RIOT AT THE CHATHAM-STREET CHAPEL

Evening Post,

Title added by Sedgwick. Text abridged to omit a recounting of the events leading up to the riot.

The morning papers contain accounts of a riot at Chatham-street chapel last evening, between a party of whites and a party of blacks. The story is told in the morning journals in very inflammatory language, and the whole blame is cast upon the negroes; yet it seems to us, from those very statements themselves, that, as usual, there was fault on both sides, and more especially on that of the whites. It seems to us, also, that those who are opposed to the absurd and mad schemes of the immediate abolitionists, use means against that scheme which are neither just nor politic. We have noticed a great many tirades of late, in certain prints, the object of which appeared to be to excite the public mind to strong hostility to the negroes generally, and to the devisers of the immediate emancipation plan, and not merely to the particular measure reprehended. This community is too apt to run into excitements; and those who are now trying to get up an excitement against the negroes will have much to answer for, should their efforts be successful to the extent which some recent circumstances afford ground to apprehend. It is the duty of the press to discriminate; to oppose objectionable measures, but not to arouse popular fury against men; to repress, not to stimulate passion.

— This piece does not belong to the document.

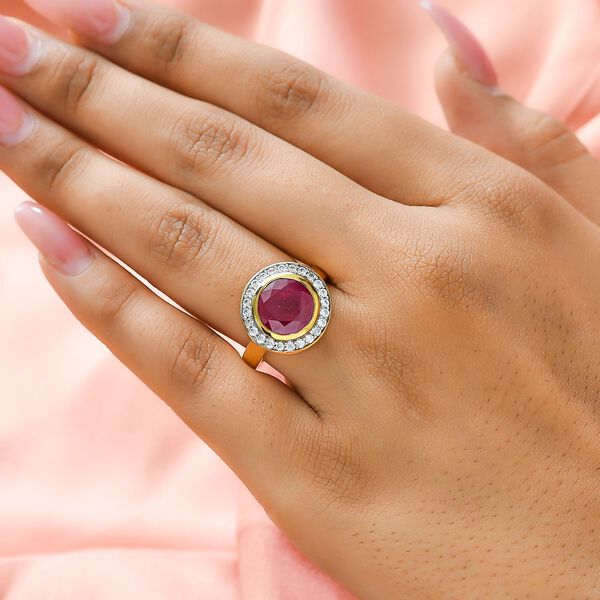 AAA Afrikanischer Rubin und weißer Zirkon-Ring - 5,98 ct. image number 3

Reason—calm, temperate reason—may do much to shorten the date of the new form in which fanaticism has recently sprung up among us; but persecution will inevitably have the effect of prolonging its existence and adding to its strength.

. . .

. . . That the whole scheme of immediate emancipation, and of promiscuous intermarriage of the two races, is preposterous, and revolting alike to common sense and common decency, we shall be ever ready, on all occasions, to maintain. Still, this furnishes no justification for invading the undoubted rights of the blacks, or violating the public peace; and we think, from the showing of those who mean to establish the direct contrary, that these were both done by the Sacred Music Society [the party of whites].

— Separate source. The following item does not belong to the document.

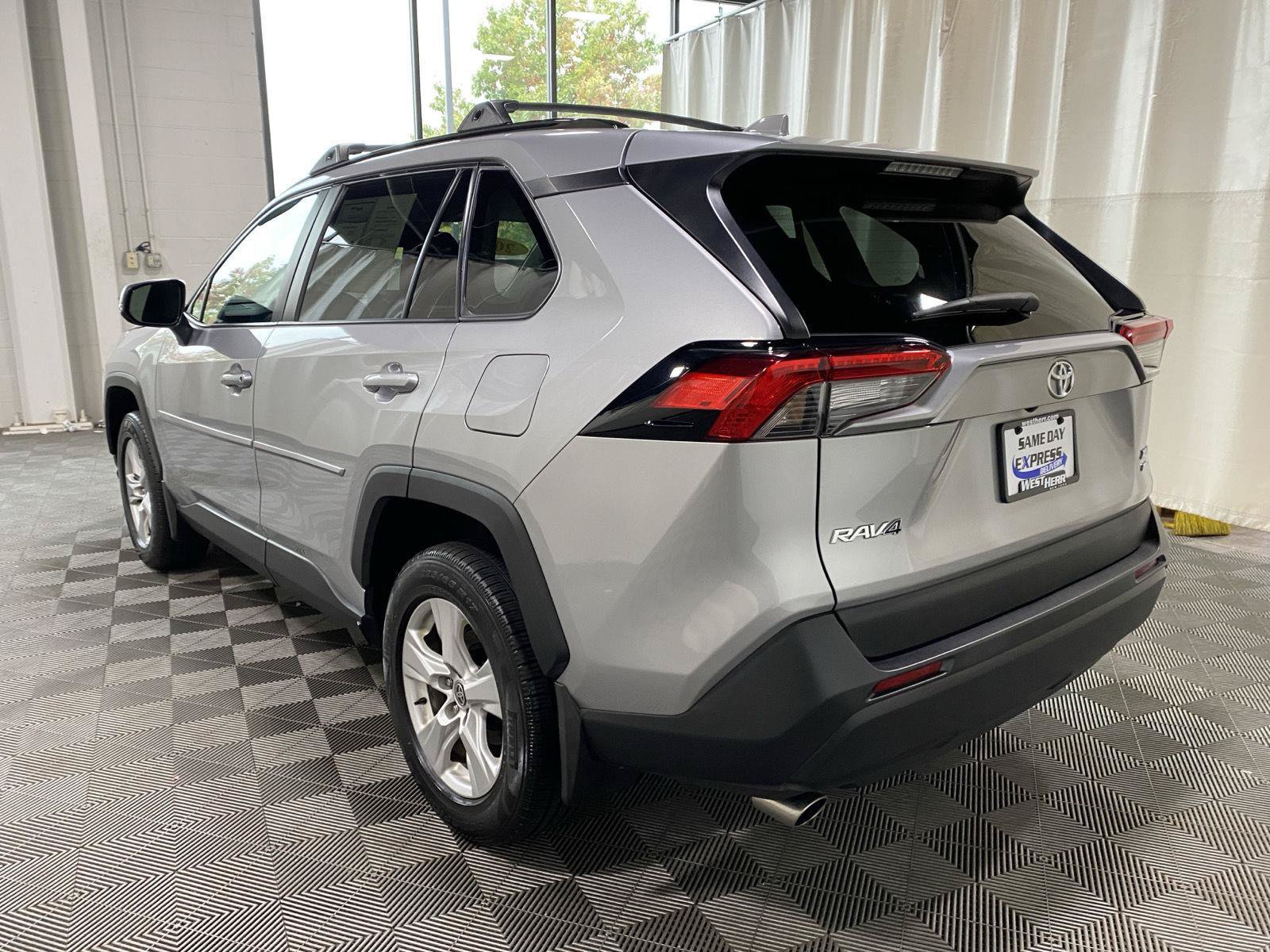 Used 2021 Toyota RAV4 XLE AWD/4WD image 6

We are aware that we are taking the unpopular side of this question; but satisfied that it is the just one, we are not to be deterred by any such consideration. Certain prints have laboured very hard to get up an anti-negro excitement, and their efforts have in some degree been successful. It should be borne in mind, however, that fanaticism may be shown on both sides of the controversy; and they will do the most to promote the real interests of their country, and of the black people themselves, who will be guided in the matter by the dictates of reason and strict justice. The plans of the Colonization Society1 are rational and practicable; those of the enthusiasts who advocate immediate and unconditional emancipation wholly wild and visionary. To influence the minds of the blacks, then, in favour of the first, we must have recourse to temperate argument and authentic facts. Whatever is calculated to inflame their minds, prepares them to listen to the frantic ravings of those who preach the latter notions.

[1 ]This is a reference to the American Colonization Society, founded 1817 to aid free blacks by resettling them in Africa. The Society founded the colony of Liberia in 1822, and at the time Leggett wrote was at the peak of its influence.—Ed.